Be careful around your lotto tickets as someone else may cash in on your huge win instead.
That's what would have happened to a man in Massachusetts after a convenience store clerk allegedly stole his winning ticket. Luckily, the scheme was busted and he eventually got to take home his January lottery winnings.
According to a statement by the Plymouth County District Attorney’s Office, the man, identified as Paul Little by various news reports, almost fell victim to a scheme by 23-year-old Carly Nunes wherein she allegedly pocketed his winning tickets and attempted to cash in on the $3 million (P167 million) he won.
The case started when Little had entered the store and purchased a bag of barbecue potato chips and several lottery tickets. He then left the store and drove home with the bag of potato chips, but left the lottery tickets behind in the terminal tray.
After realizing he no longer had his tickets, Little briefly searched for them, but eventually concluded that they were lost.
That evening, however, his lottery ticket numbers were announced as the winning numbers, earning a $3 million prize.

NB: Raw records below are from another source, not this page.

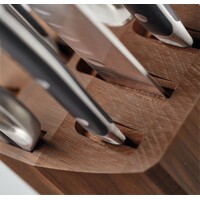Wusthof 8 Slot Heat Treated Beech Block (Empty)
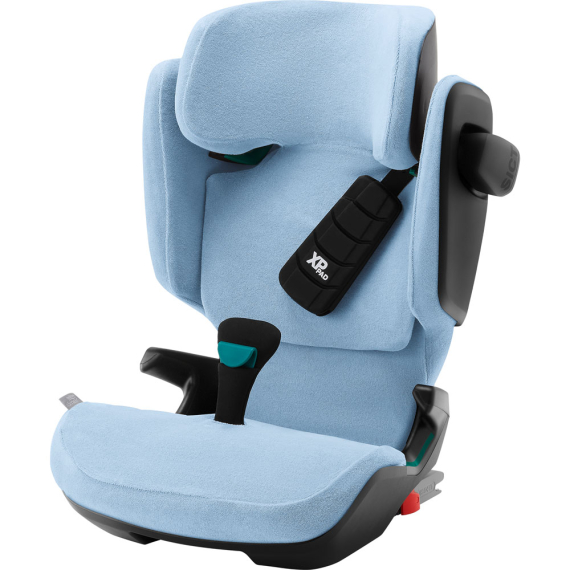 Літній чохол Britax Römer для Kidfix i-Size (Blue) - фото | Интернет-магазин автокресел, колясок и аксессуаров для детей Avtokrisla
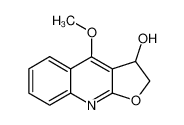 74121-01-0 spectrum, 2,3-Dihydro-3-hydroxy-4-methoxyfuro[2,3-b]quinoline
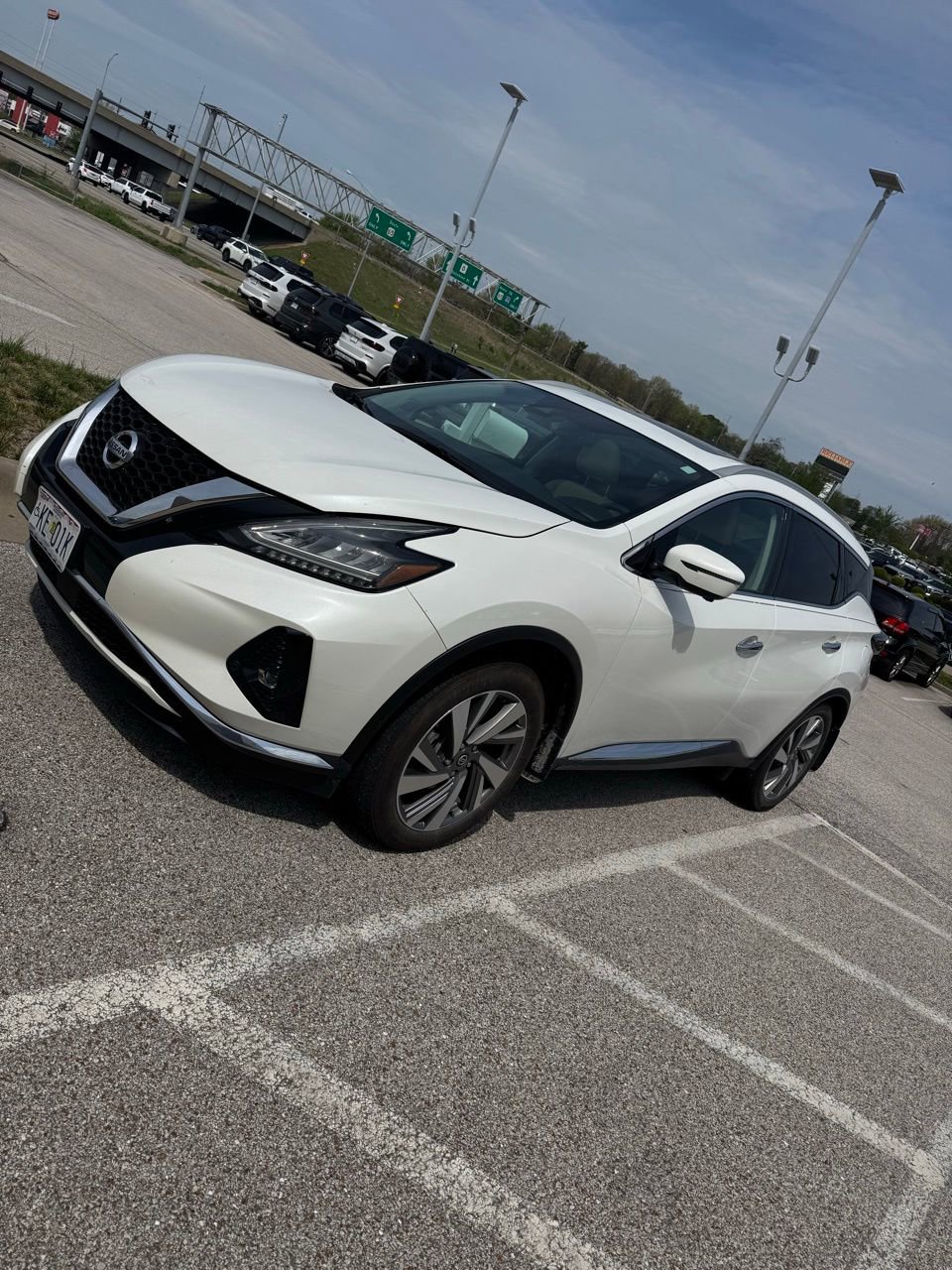 Used 2020 Nissan Murano SL w/ Moonroof Package image 3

This prompted Nunes, along with a co-worker, to travel to the Massachusetts State Lottery Headquarters two days later to redeem the ticket, which is said to have been "torn and appeared to be burned."

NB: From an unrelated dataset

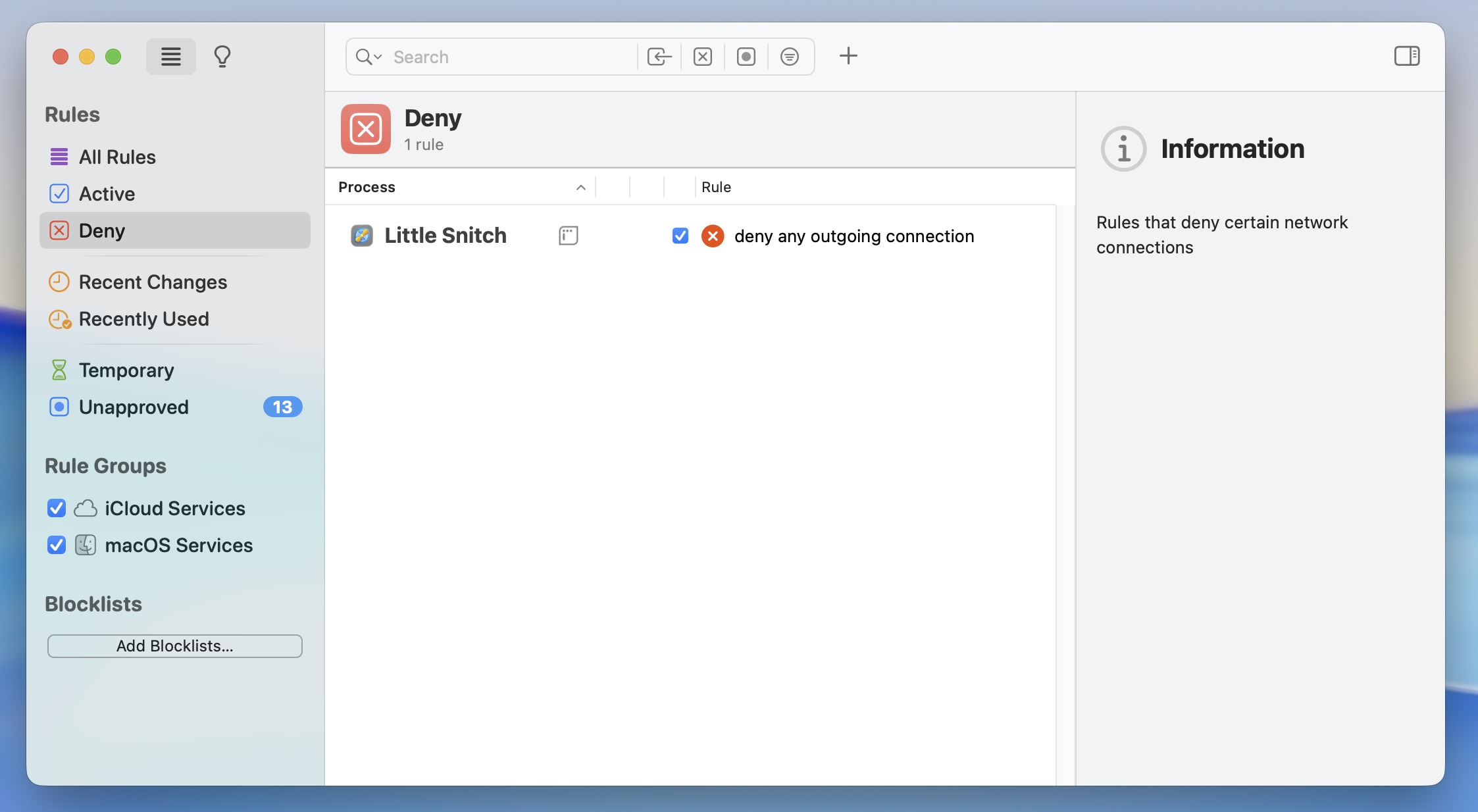 Little Snitch 6 for Mac v6.3.1 小飞贼防火墙软件 免激活下载-1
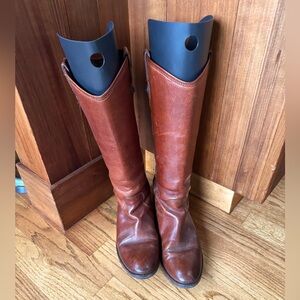 Frye Melissa Brown Leather Boots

But the scheme was eventually busted when a surveillance video surfaced showing Nunes and her co-worker arguing in the lobby about how much they would split the money, with Nunes allegedly informing her co-worker that she would "only pay him $200,000 (P11 million)."
The arguments were overheard by state Lottery officials, and suspicions about the rightful winner of the lottery only escalated because of the battered condition of the ticket.

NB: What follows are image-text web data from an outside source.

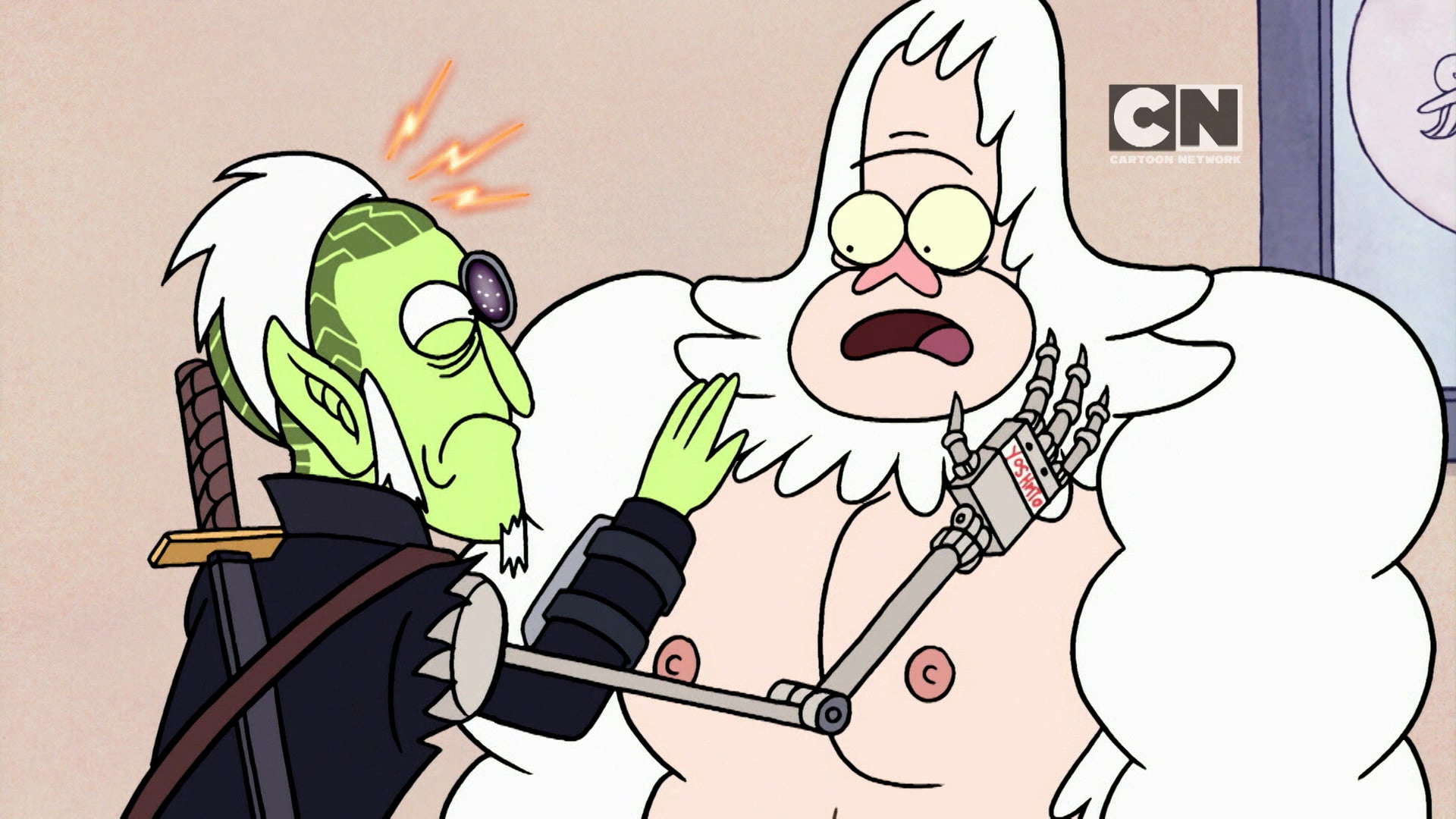 ريغيولار شو الموسم 3 الحلقة 16 سكيبس ضد. تكنولوجي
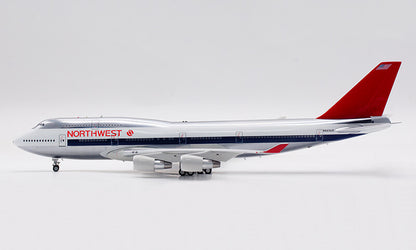 1:200 Inflight200 Northwest Airlines Boeing B747-400 Diecast Aircraft Model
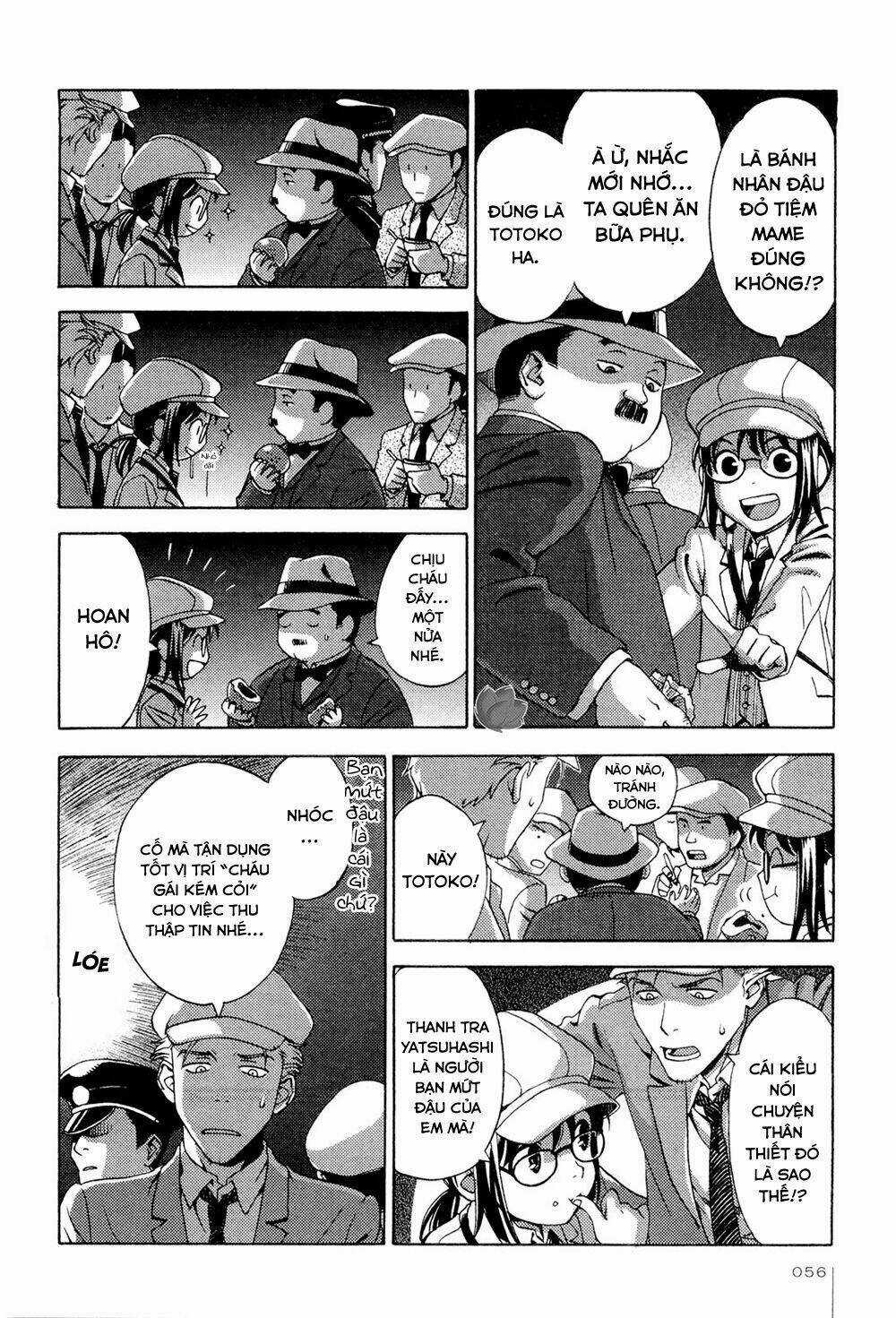 Jiken Kisha Totoko! Chapter 3 trang 14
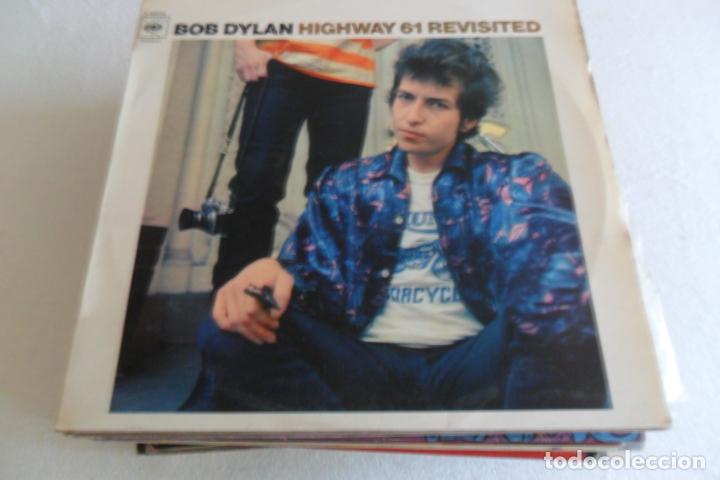 Discos de vinilo: BOB DYLAN - HIGHWAT 61 REVISITED 1971 LP - Foto 1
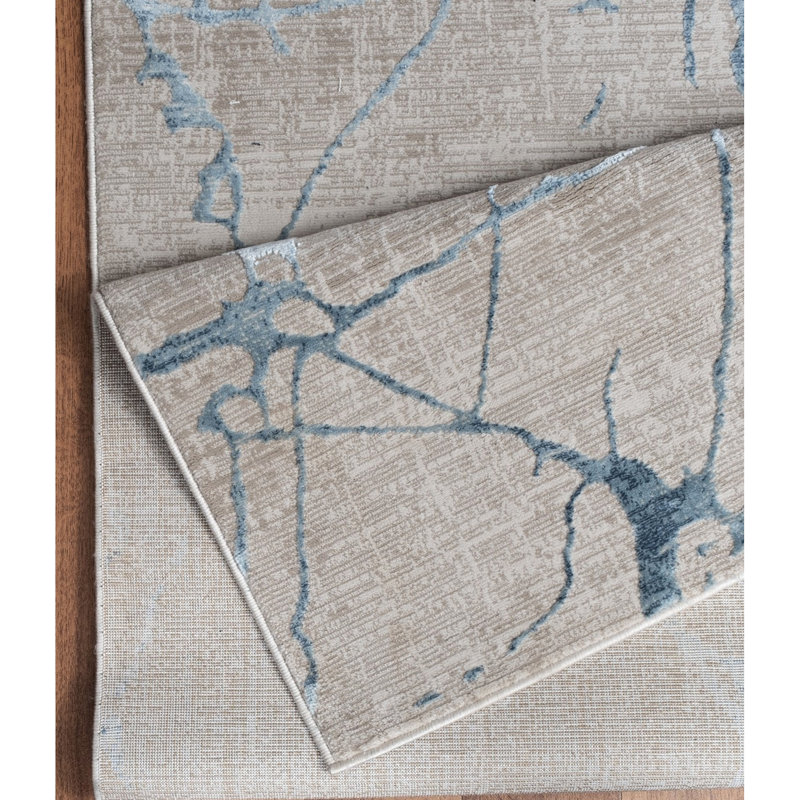 Beige Area Pad, 5 Ft. 3 In. X 7 In., Cushioned Dining Room Mat, 5'3" 7'3", Stain, Rectangle 5'3" x 7'4"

This resulted in an investigation by state and local police and the Massachusetts State Lottery Commission that lasted for several months.
Nunes argued that she mistakenly tore the ticket when removing it from her wallet and the burn marks were the result of her accidentally placing the ticket on a pipe. However, surveillance footage from the store confirmed that it was actually Little who had bought the ticket.
Furthermore, during a further interview with investigators, Nunes no longer claimed to have purchased the ticket herself, but instead said she inadvertently obtained the winning ticket.
Through flyers plastered with the rightful ticket owner’s face around town, Little was eventually located and interviewed by investigators. He has since received his check and has expressed his immense gratitude to the people who have helped him with the stolen ticket.
Nunes has meanwhile pleaded not guilty to the charges against her, which include larceny, attempted larceny, presentation of a false claim and witness intimidation.